You are viewing a plain text version of this content. The canonical link for it is here.

Posted to dev@kafka.apache.org by Jay Kreps <ja...@gmail.com> on 2013/04/10 07:34:05 UTC

interesting paper on log replication

Very similar in design to kafka replication
https://ramcloud.stanford.edu/wiki/download/attachments/11370504/raft.pdf

-Jay

Re: interesting paper on log replication

Posted by Jun Rao <ju...@gmail.com>.

On the last point, in general, Kafka logs are identical among replicas. The
only case that they may not be identical is when an unclean leader election
happens, i.e., a leader has to be elected from a replica not in in-sync
replica set). Unclean leader election should be rare since this requires
multiple broker failures around the same time.

Thanks,

Jun


On Tue, Apr 16, 2013 at 11:14 AM, Neha Narkhede <ne...@gmail.com>wrote:

> More notable differences from Kafka as far as log replication protocol
> is concerned -
>
> - Raft considers log entries as committed as soon as it is
> acknowledged by a majority of the servers in a cluster. Compare this
> to Kafka where we have the notion of "in-sync followers" that are
> required to ack every batch of log entries in order for the leader to
> commit those.
>
> - Raft uses the election voting mechanism to select a new  leader
> whose log is as “up-to-date” as possible. Compare this to Kafka where
> we can pick ANY of the "in-sync followers" as the next leader, we
> typically pick the first one in the list. We do not try to pick the
> "in-sync follower" with the largest log for simplicity and fewer RPCs.
>
> - In Raft, when the follower's log diverts from the leader's (in the
> presence of multiple failures), the leader-follower RPC truncates the
> follower's log up to the diversion point and then replicate the rest
> of the leader's log. This ensures that follower's log is identical to
> that of the leader's in such situations. Compare this to Kafka, where
> we allow the logs to divert and don't reconcile perfectly.
>
> Thanks,
> Neha
>
> On Sun, Apr 14, 2013 at 9:42 PM, Jun Rao <ju...@gmail.com> wrote:
> > Thanks for the link. This paper provides an alternative, but similar
> > implementation to that in Zookeeper. The key difference seems to be that
> > the former supports membership reconfiguration.
> >
> > Kafka replication is simpler because it separates the leader election
> part
> > from log replication. Such separation has a few benefits: (1) the leader
> > election part is easier to implement by leveraging a consensus system
> (e.g.
> > Zookeeper); (2) the log format is simpler since the log itself is not
> used
> > for leader election; (3) the replication factor for the log is decoupled
> > from the number of parties required for leader election (e.g., in Kafka
> we
> > can choose a replication factor of 2 for the log while using an ensemble
> of
> > 5 for a Zookeeper cluster).
> >
> > Both Rafe and Zookeeper are solving a harder problem than Kafka
> replication
> > because they have no consensus service to rely upon for their own leader
> > election since they are implementing a consensus service.
> >
> > Thanks,
> >
> > Jun
> >
> >
> > On Tue, Apr 9, 2013 at 10:34 PM, Jay Kreps <ja...@gmail.com> wrote:
> >
> >> Very similar in design to kafka replication
> >>
> https://ramcloud.stanford.edu/wiki/download/attachments/11370504/raft.pdf
> >>
> >> -Jay
> >>
>

Re: interesting paper on log replication

Posted by Neha Narkhede <ne...@gmail.com>.
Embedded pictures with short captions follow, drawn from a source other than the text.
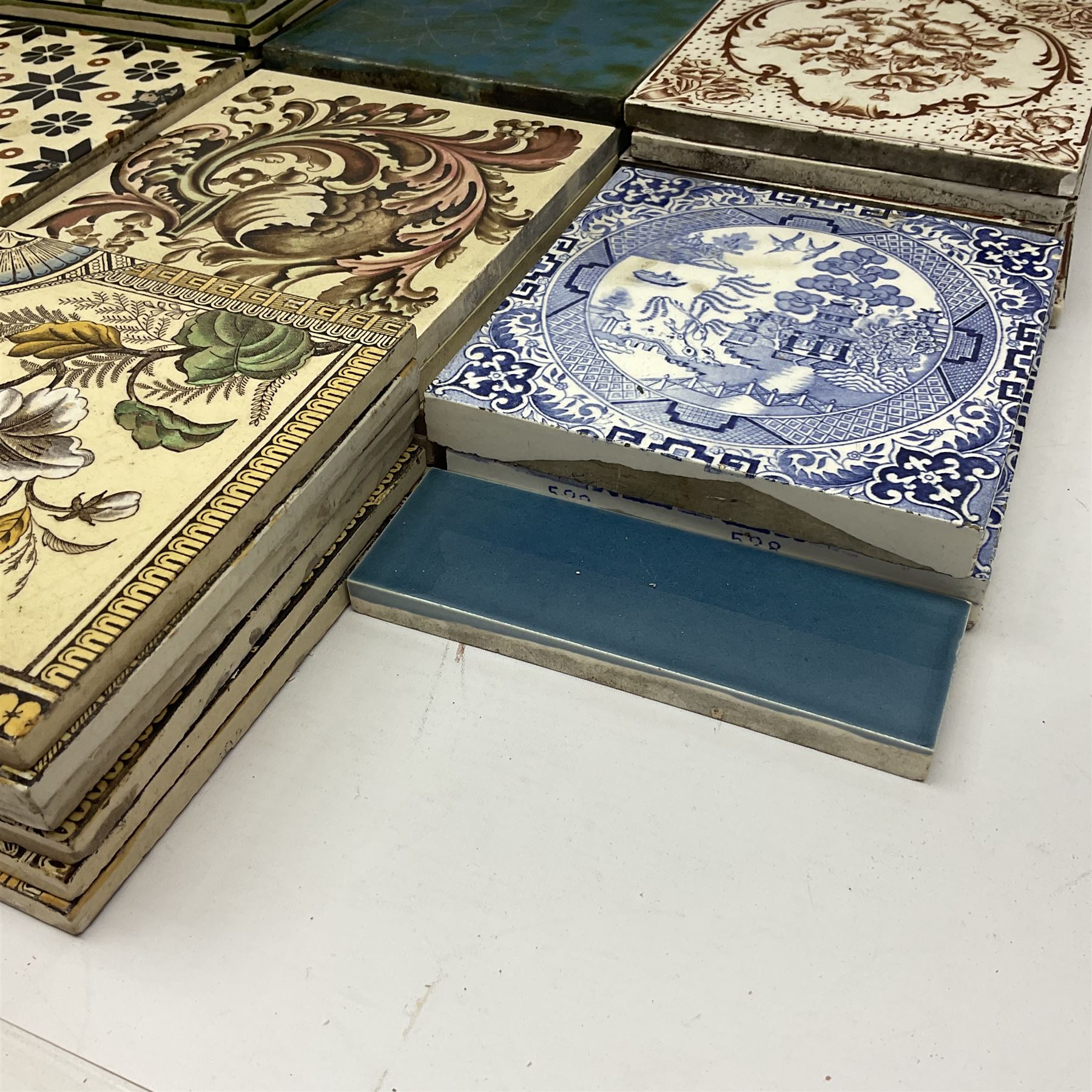 Collection of Victorian and later tiles to include floral and tube line examples - Image 3 of 6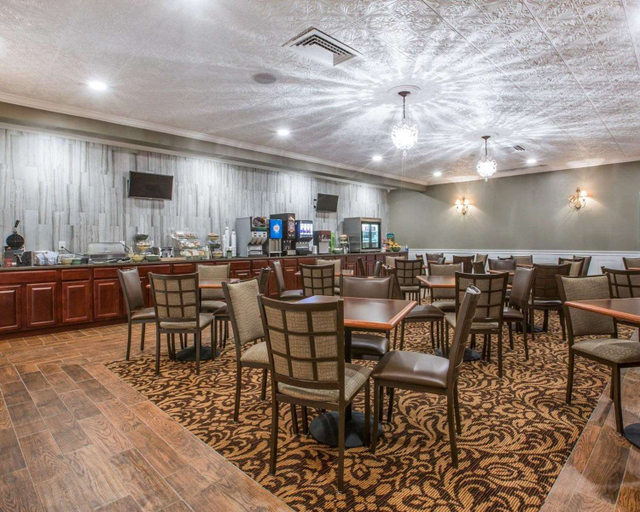 Food & Drinks 5, Quality Inn Massena NY, Saint Lawrence
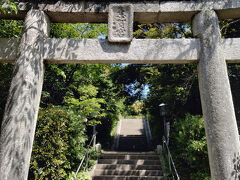 西戸崎を経由して30分ほどで、志賀島に着きました。
島と言っていますが、海の中道経由で陸続きです。
志賀島渡し船から徒歩15分位の志賀海神社です。
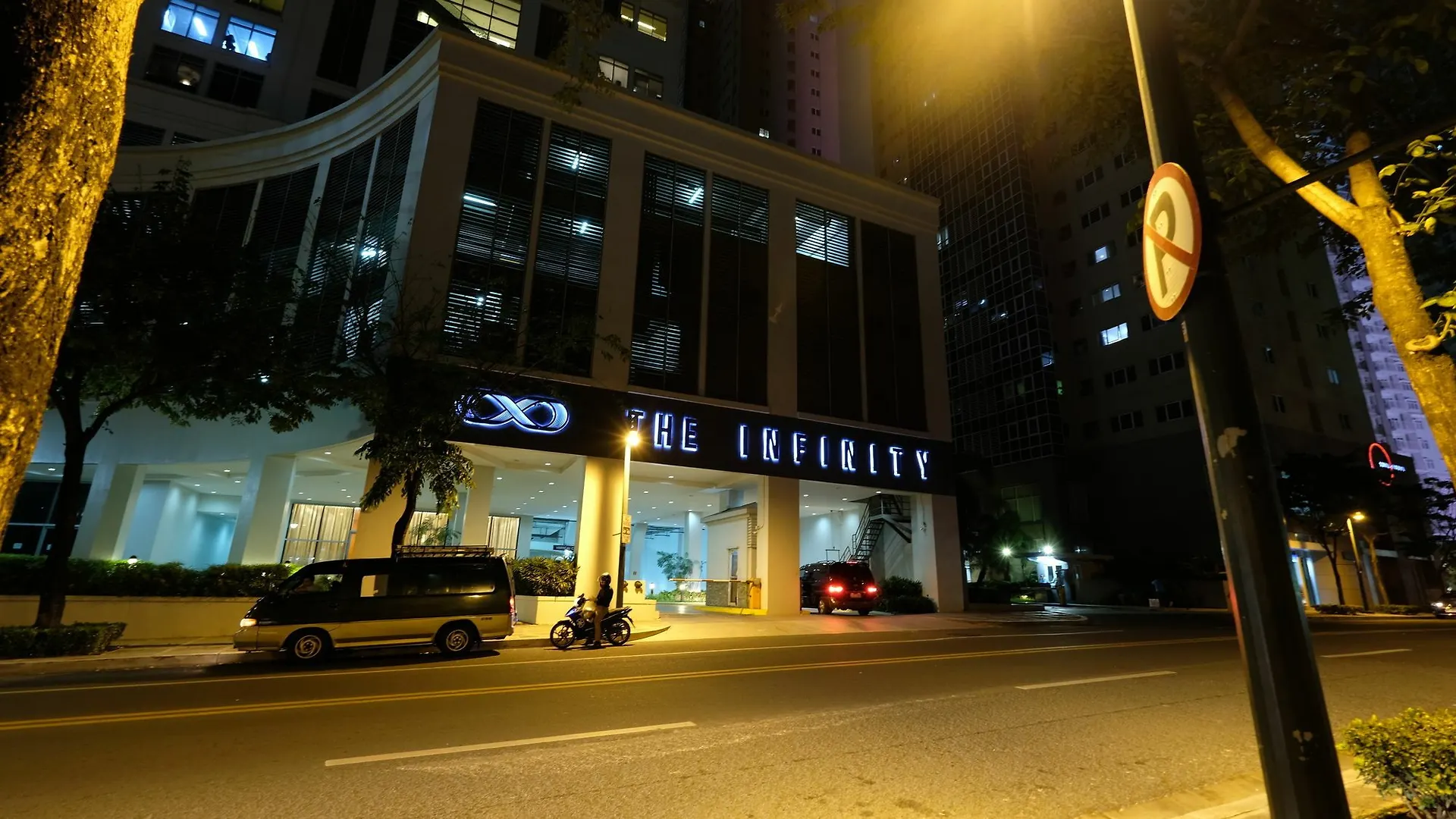 Infinity Tower Bgc By Stayhome Asia location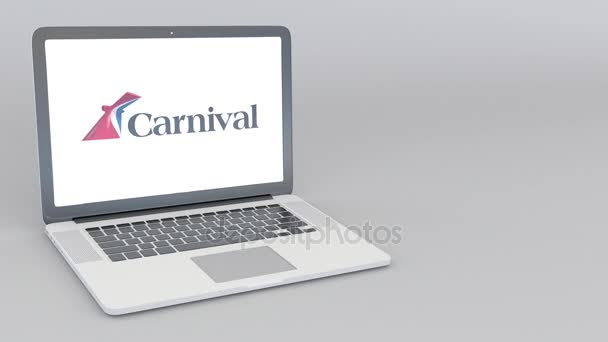 Ανοίγματος και κλεισίματος το laptop με το λογότυπο της Carnival Cruise Line. 4 k σύνταξης κινούμενα σχέδια — Αρχείο Βίντεο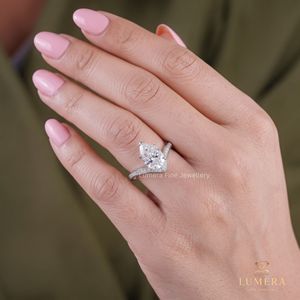 Bague élégante en or massif ou argent avec diamant taille poire, style fiançailles, bande pavée en chevron en V pour femme, vente en gros - Product Image 3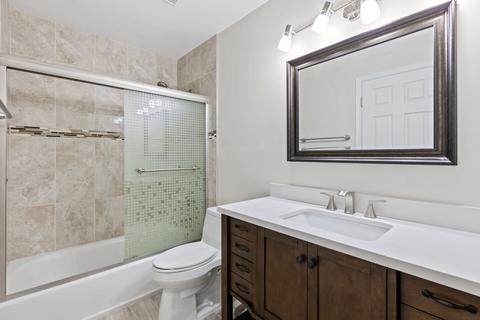 1470 Stone Harbor Ct, Hoffman Estates, IL 60192 photo 9
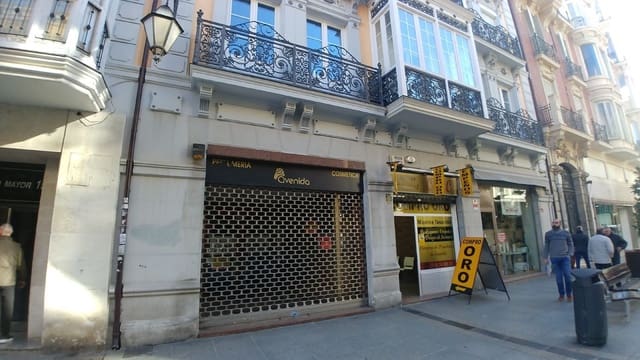 Erhverv til leje i Palencia by - € 2.800 (Ref: 5620555)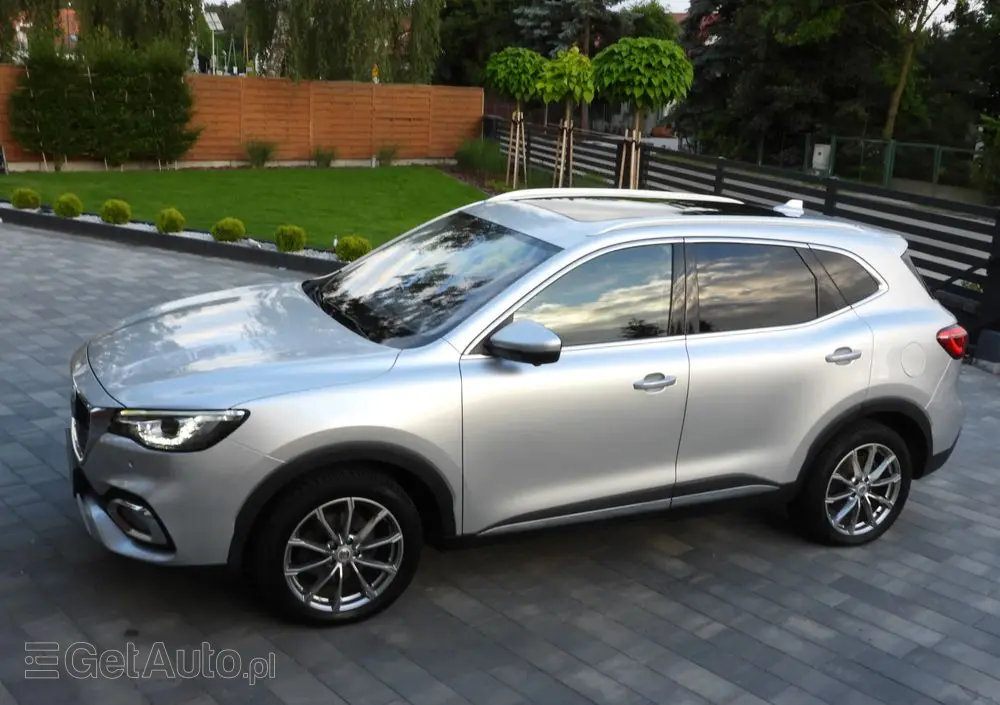MG HS PHEV Luxury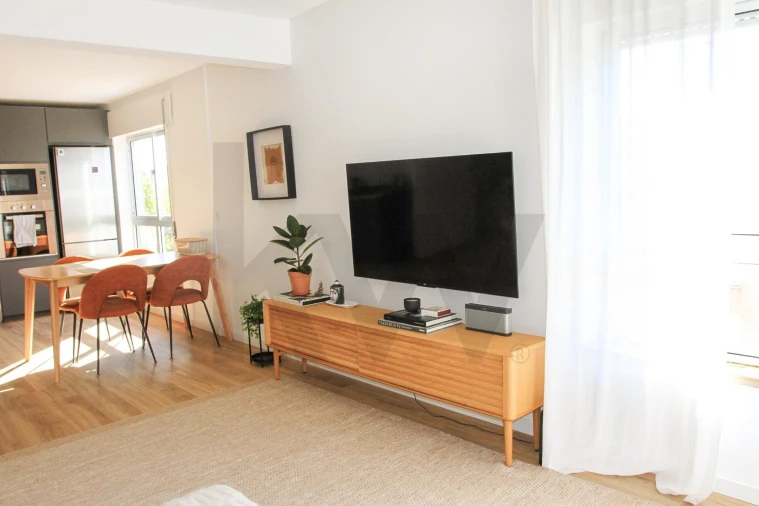 Apartamento T3 para Arrendamento em Oeiras e São Julião da Barra, Paço de Arcos e Caxias Foto 13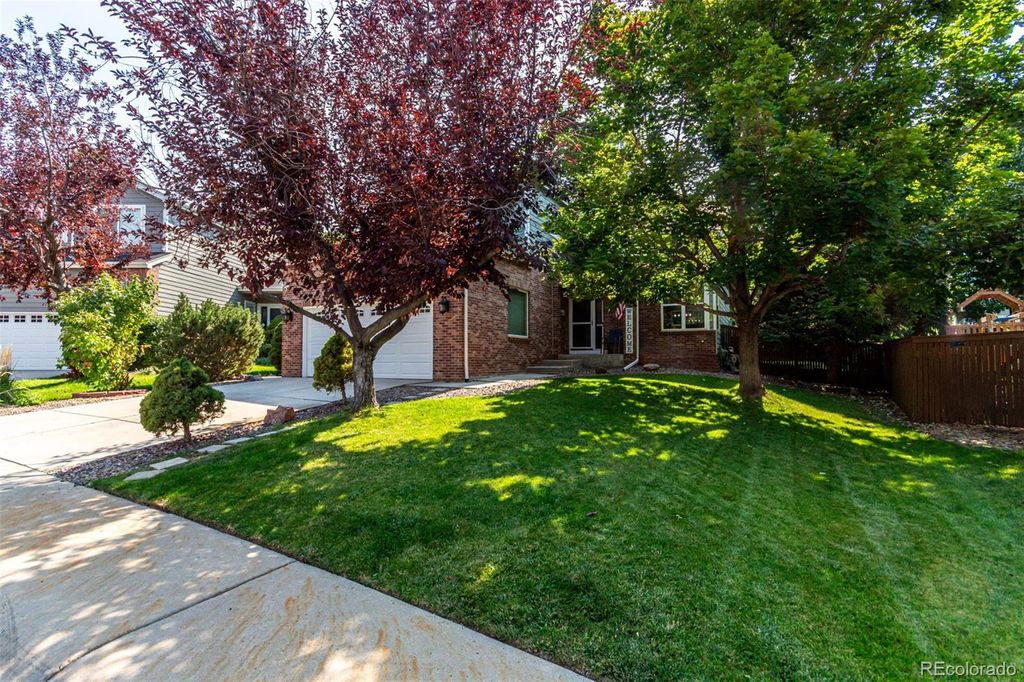 Photo of 9717 Red Oakes Place, Highlands Ranch, CO 80126 (MLS # 5152122)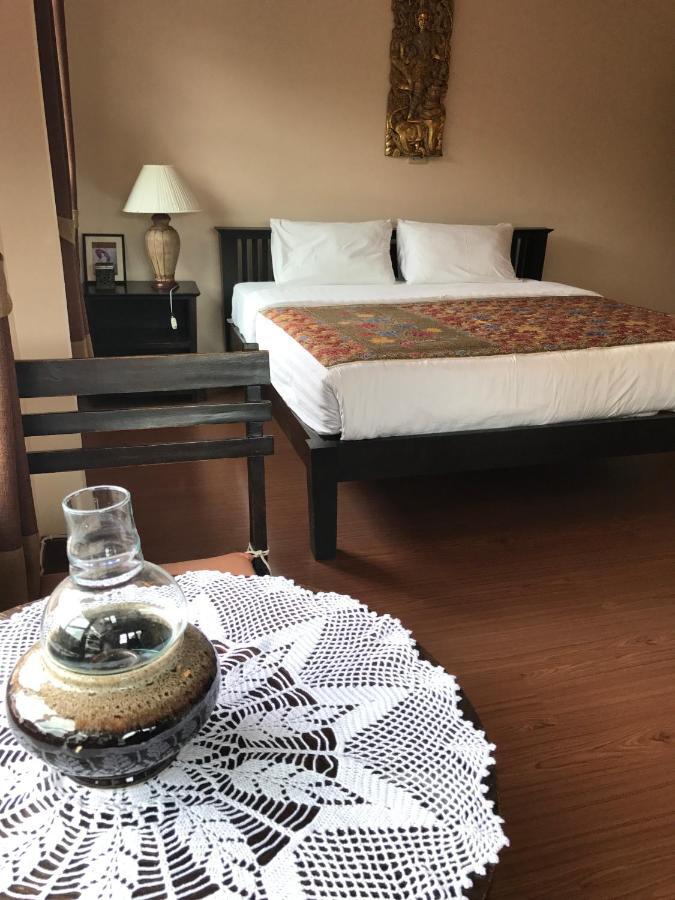 Baan Klang Vieng Hotel Chiang Mai Exterior foto
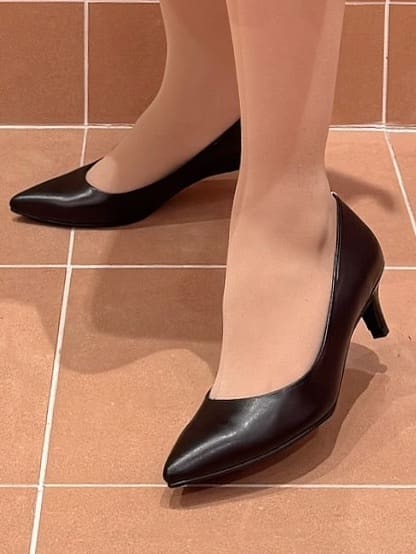 すみれさんの「ESPERANZA｜◆【晴雨兼用/12時間パンプス】約5.5cm 歩きやすくて疲れにくい」を使ったコーディネート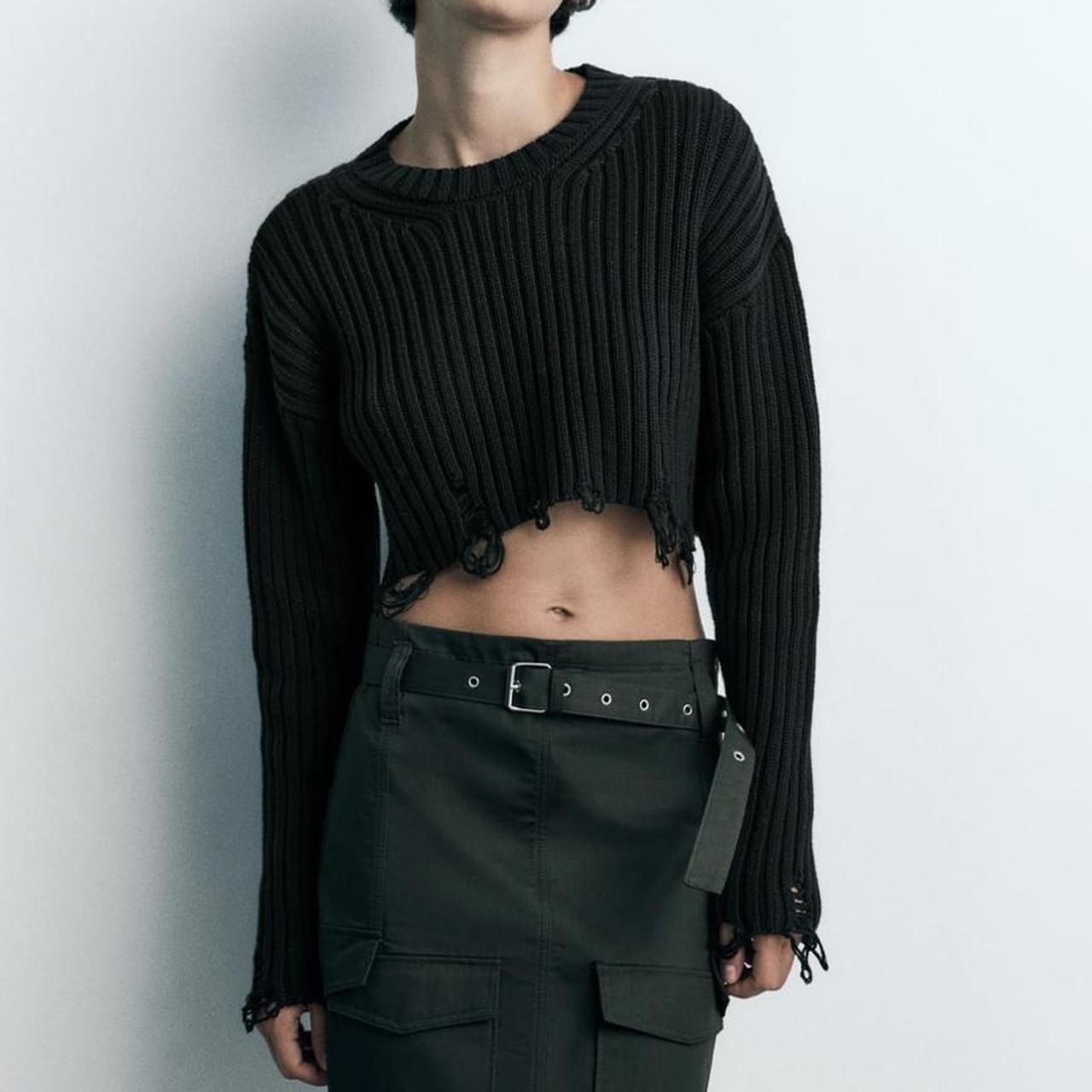 Zara Ripped cropped knit sweater SOLD OUT 🖤
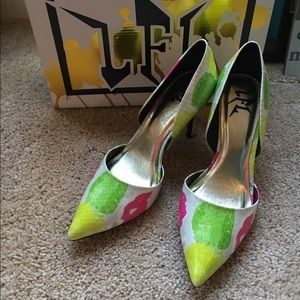 Colorful snake skin pumps!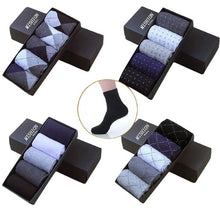 Load image into Gallery viewer, 5 Pairs Comfortable Stretchy Breathable Socks For Men
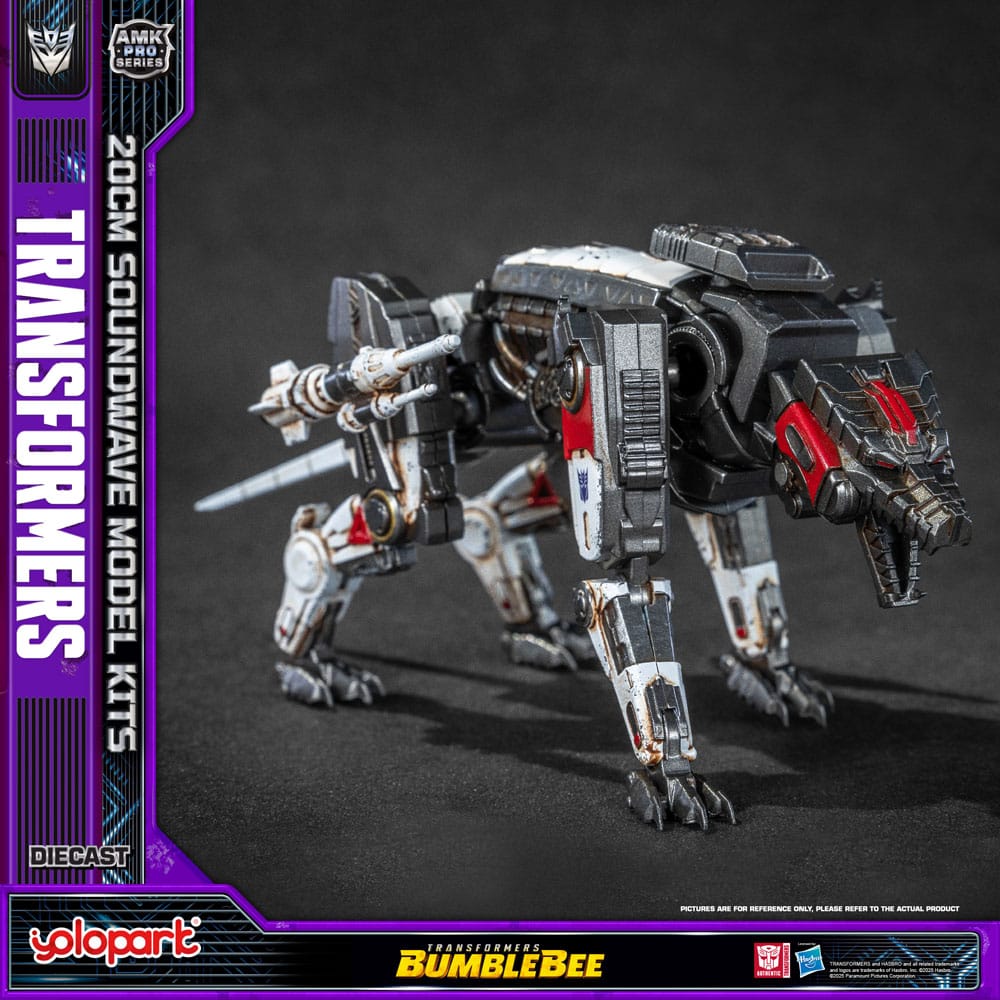 Transformers: Soundwave AMK Pro Series Plastic Diecast Model Kit - Bumblebee - Hasbro - Yolopar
More notable differences from Kafka as far as log replication protocol
is concerned -

- Raft considers log entries as committed as soon as it is
acknowledged by a majority of the servers in a cluster. Compare this
to Kafka where we have the notion of "in-sync followers" that are
required to ack every batch of log entries in order for the leader to
commit those.

- Raft uses the election voting mechanism to select a new  leader
whose log is as “up-to-date” as possible. Compare this to Kafka where
we can pick ANY of the "in-sync followers" as the next leader, we
typically pick the first one in the list. We do not try to pick the
"in-sync follower" with the largest log for simplicity and fewer RPCs.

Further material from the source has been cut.